Exercise brief: Up to and including the line that holds "In this video", print the data exactly from its first line; do not print the pictures.

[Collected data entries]
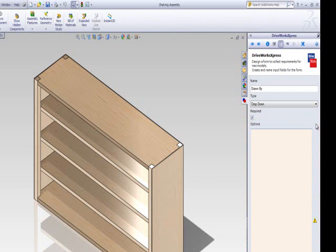Let's type in Alan, Simon and Tom. Make sure to put the names on separate lines so they remain as separate options in the drop-down menu.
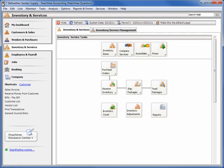To access this new Management Center, select the Inventory & Services Navigation Center and then click the Inventory & Service Management tab at the top of the window.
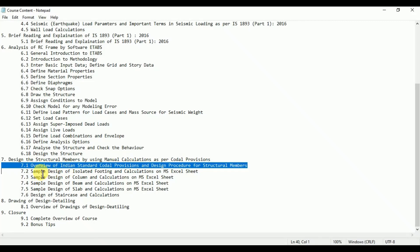In this video lecture we will see the overview of important Indian standard codal provisions required in the design of structural members such as isolated footing, column, beam, slab, and staircase. We will also see the design procedure for these structural members. From the next video we will start the actual design work, importing ETABS analysis data and using those analysis results to design the structural members.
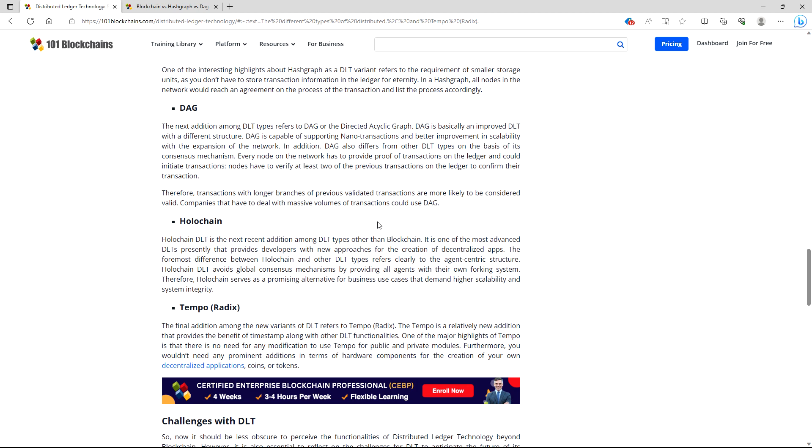DAG. The next addition among DLT types refers to DAG or directing a cyclic graph. A DAG is basically an improved DLT with a different structure. DAG is capable of supporting nano transactions and better improvements in scalability with the expansion of the network. In addition, DAG also differs from the DLT types on the basis of its consensus mechanism. Every node on the network has to provide proof of transactions on the ledger and could initiate transactions. Nodes have to verify at least two of the previous transactions on the ledger to confirm their transaction. Therefore, transactions with longer branches of previous validated transactions are more likely to be considered valid. Companies that have to deal with massive volumes of transactions could use DAG.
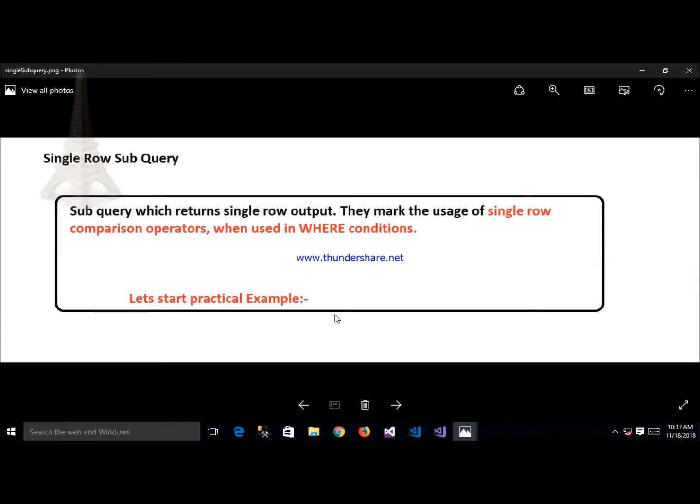The first type of subquery is the single row subquery. In this subquery we can find out only a single row at a time — the main purpose of using single row subquery is to return a single row. In single row subquery we use a WHERE condition with a comparison operator.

Exercise solution:
Let's type in Alan, Simon and Tom. Make sure to put the names on separate lines so they remain as separate options in the drop-down menu.
To access this new Management Center, select the Inventory & Services Navigation Center and then click the Inventory & Service Management tab at the top of the window.
In this video lecture we will see the overview of important Indian standard codal provisions required in the design of structural members such as isolated footing, column, beam, slab, and staircase. We will also see the design procedure for these structural members. From the next video we will start the actual design work, importing ETABS analysis data and using those analysis results to design the structural members.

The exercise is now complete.